16. Hukuk Dairesi 2015/9570 E. , 2016/1421 K.
"İçtihat Metni"MAHKEMESİ :KADASTRO MAHKEMESİ
DAVA TÜRÜ : KULLANIM KADASTROSU
Taraflar arasında görülen dava sonucunda verilen hükmün Yargıtay"ca incelenmesi istenilmekle; temyiz isteğinin süresinde olduğu anlaşıldı, inceleme raporu ve dosyadaki belgeler okundu, GEREĞİ GÖRÜŞÜLDÜ:
Kullanım kadastrosu sırasında .... Mahallesi çalışma alanında bulunan 154 ada 12 parsel sayılı 107.45 metrekare yüzölçümündeki taşınmaz, kadastro tutanağının beyanlar hanesine, 6831 sayılı Yasa"nın 2/B maddesi uyarınca orman sınırları dışına çıkarıldığı ve ... ile ..."un fiili kullanımında bulunduğu şerhi yazılarak bahçe vasfıyla ... adına tespit edilmiştir. Davacı ... taşınmazın sadece kendi fiili kullanımında bulunduğu ve yüzölçümünün eksik tespit edildiği iddiasına dayanarak dava açmış; eksikliğin 109 ada 1 parsel sayılı taşınmazda kaldığı anlaşılmıştır. Mahkemece yapılan yargılama sonunda davanın kısmen kabulüne, çekişmeli taşınmazın bahçe vasfıyla ... adına tapuya tesciline, tapu kaydının beyanlar hanesine, taşınmazın 6831 sayılı Yasa"nın 2/B maddesi uyarınca orman sınırları dışına çıkarıldığı ve 1/4 hisse ile ..., 3/4 hisse ile ..."un fiili kullanımında bulunduğu şerhinin yazılmasına, yüzölçümün artırılmasına ilişkin talebin reddine karar verilmiş; hüküm, davacı vekili tarafından temyiz edilmiştir.

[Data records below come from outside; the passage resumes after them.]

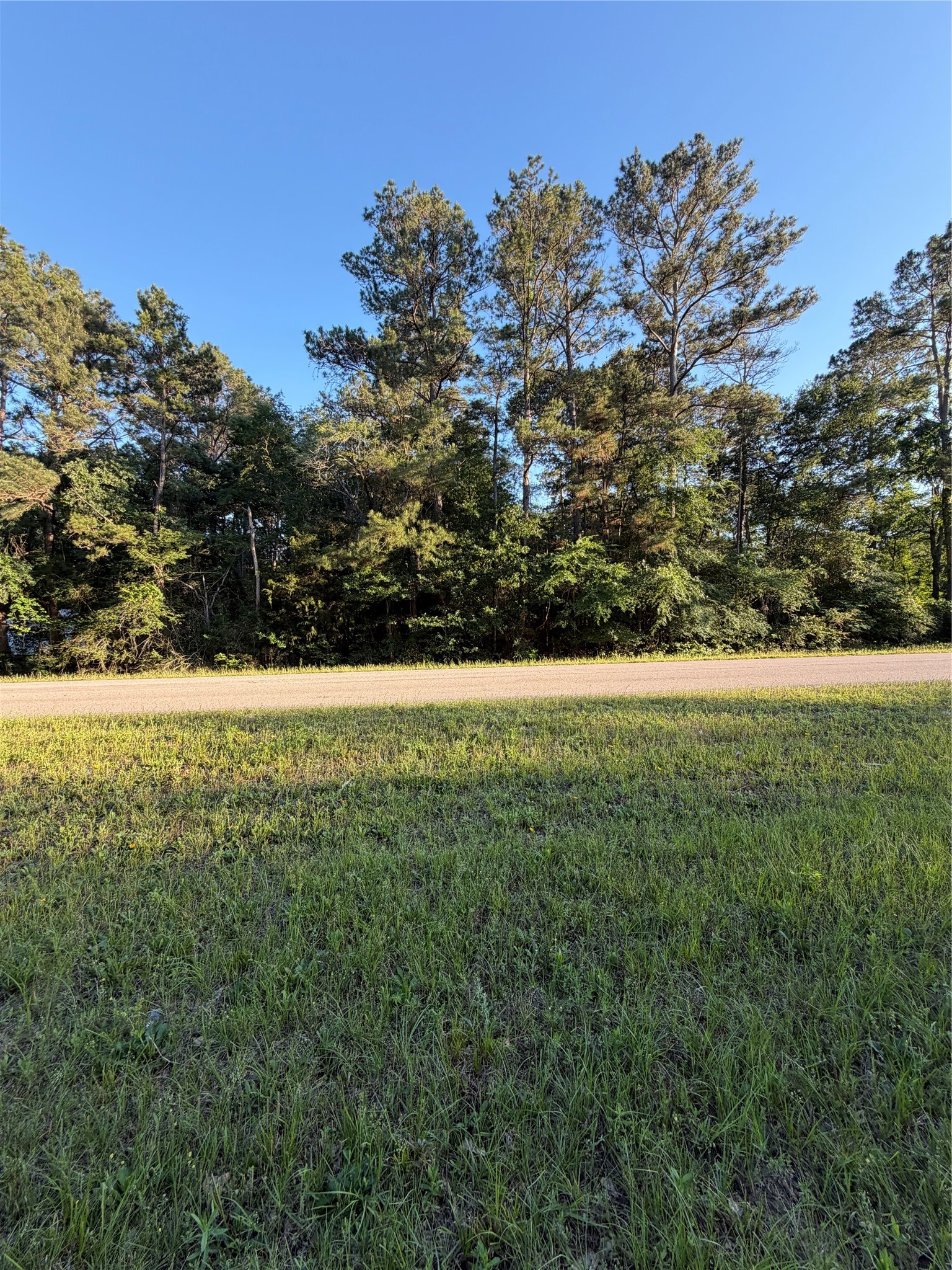0 Reids Prairie Road Waller, TX 77484 - Photo 7 of 10 a view of yard with green space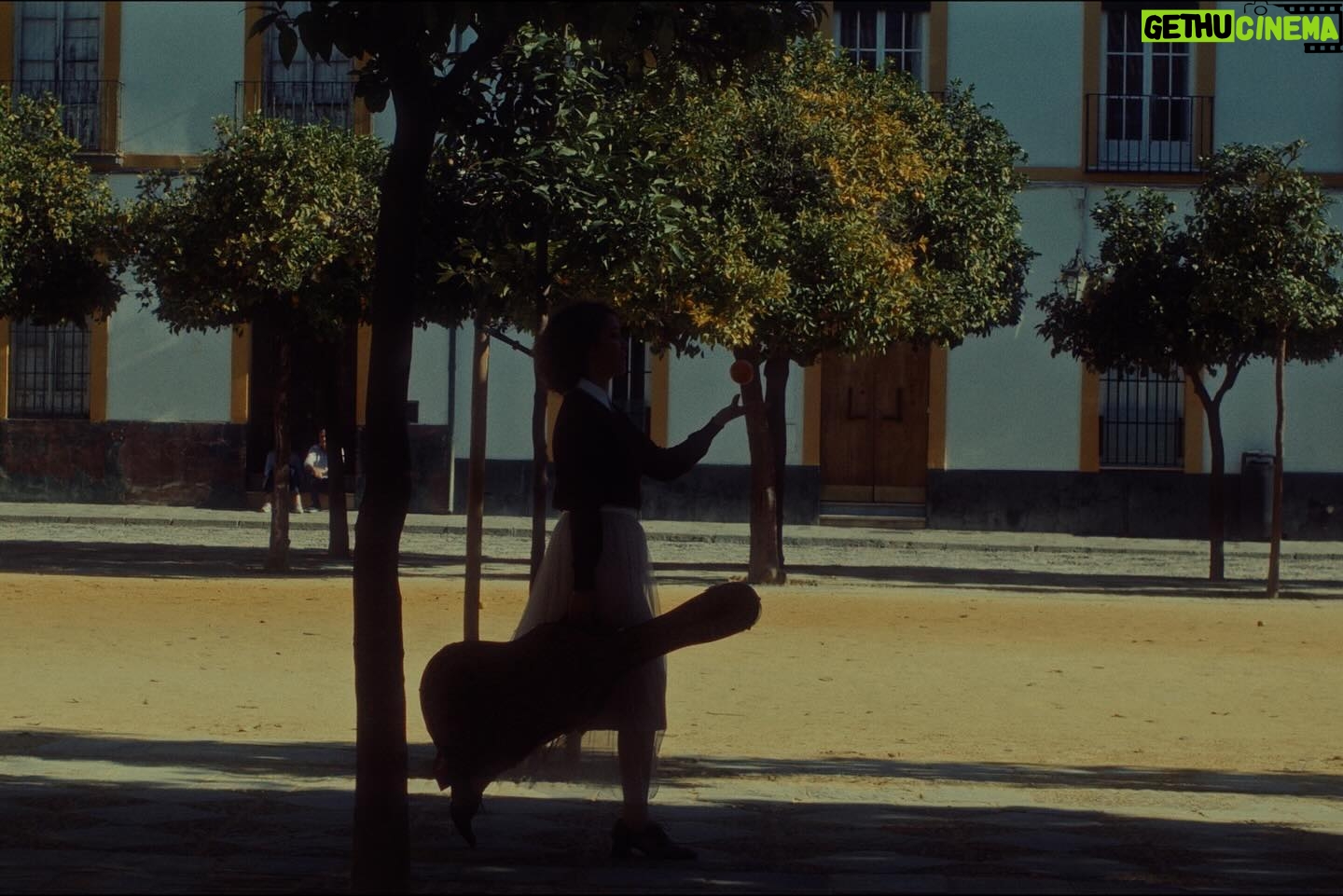 Gaby Moreno Instagram - “Dance The Night Away” video out now!! 🍊🧡🍊 File this under things that happen when you have a couple of days off during Latin Grammy week in Sevilla! My first time there so I couldn’t pass up the opportunity to film something in that magical city. Beautifully directed by @joseph_ros Production co. @smartfactoryworld Producer: @mdelarr Cinematography: @edu_saenz93 @calamardojo Editor: Joseph Ros Colorist: Edu Sáenz Featuring @samuelsevillaswing 👞
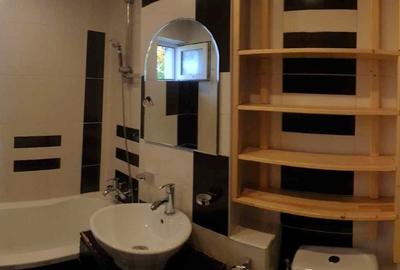 Apartament cu 2 camere decomandat, mobilat în Someșeni - 2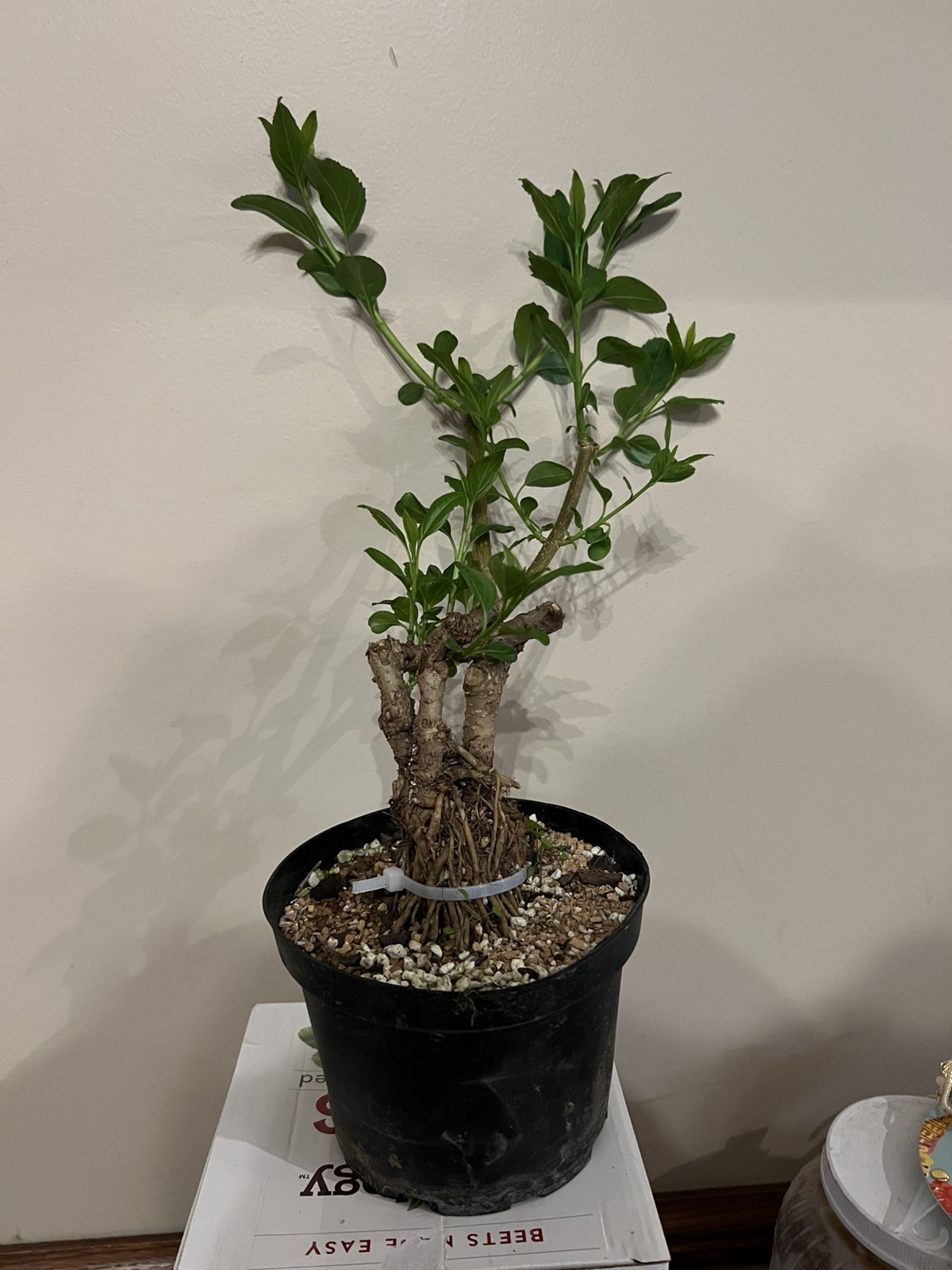 Yellow Forsythia Pre-Bonsai 12” Tall 2”Trunk 7 Years Old Healthy Live Plant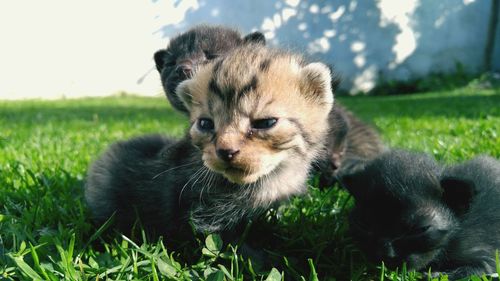 Portrait of dog on grassy field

Mahkemece; dava konusu 154 ada 12 sayılı parsel üzerinde sadece davacının zilyet olmadığı, üzerindeki bir daireyi davalının kullandığı, ayrıca bu taşınmazın bir kısmının kadastro tespiti sırasında 109 ada 1 parsel olarak sınırlandırılan taşınmaz içerisinde kaldığı, bu taşınmazın Asliye Hukuk Mahkemesinin 2013/82 Esas sayılı dava dosyasında mülkiyetinin dava konusu olması nedeniyle kadastro tespitinde malik ve kullanıcı tespiti yapılmadığı, davalı alanda bulunan bu kısmın 5831 sayılı Yasa uyarınca yapılan kadastro çalışmasında çalışma alanı içerisine alınmaması gerekirken, tutanak tutulmasının hatalı olduğu, davacının genel mahkemelerde dava açabileceği gerekçeleri ile yazılı şekilde hüküm kurulmuştur. Ne var ki, taşınmaz başında yapılan keşifte mahalli bilirkişi ve tanık dinlenilmemiş, usule aykırı şekilde duruşmada dinlenen tanık beyanları arasındaki çelişki de giderilmemiştir. Bu şekilde eksik araştırma ve inceleme ile hüküm kurulamaz. Hal böyle olunca, doğru sonuca varılabilmesi için; öncelikle 154 ada 12 sayılı parselin kullanıcısının kim ya da kimler olduğunun kesin olarak belirlenmeli, bu amaçla mahallinde mahalli bilirkişiler ve taraf tanıkları hazır olduğu halde yeniden keşif yapılarak, dava konusu taşınmazın tespit tarihinde kimin zilyetliğinde olduğu, taşınmaz üzerindeki zilyetliğin kim tarafından ne zamandan beri ne suretle ve neye istinaden sürdürüldüğü taşınmaz üzerindeki binanın niteliği, apartman şeklinde olup olmadığı belirlenmeli ve bundan sonra tüm deliller birlikte değerlendirilmeli, öte yandan davacının fiilen kullanımında olduğunu iddia ettiği taşınmazın bir bölümünün Asliye Hukuk Mahkemesi"nde davalı olan 109 ada 1 parsel sayılı taşınmazda kaldığı anlaşılmış olduğuna göre, kullanım kadastrosuna ilişkin davanın görülebilmesi için 109 ada 1 parsel sayılı taşınmazın 6831 sayılı Yasa"nın 2/B maddesi gereğince ... adına orman sınırları dışına çıkarılan yerlerden olup olmadığının, başka bir ifade ile mülkiyet durumunun kesinleşmesinin zorunlu olduğu göz önüne alınarak sözü edilen mülkiyete ilişkin dava, bu dava yönünden bekletici mesele yapılmalı, davanın sonucuna göre davaya devamla deliller değerlendirilip hüküm kurulmalıdır. Mahkemece bu yön göz ardı edilerek yazılı şekilde karar verilmesi isabetsiz olup, temyiz itirazları açıklanan nedenle yerinde bulunduğundan kabulüyle hükmün BOZULMASINA, peşin yatırılan temyiz karar harcının talep halinde temyiz eden davacıya iadesine, 16.02.2016 gününde oybirliğiyle karar verildi.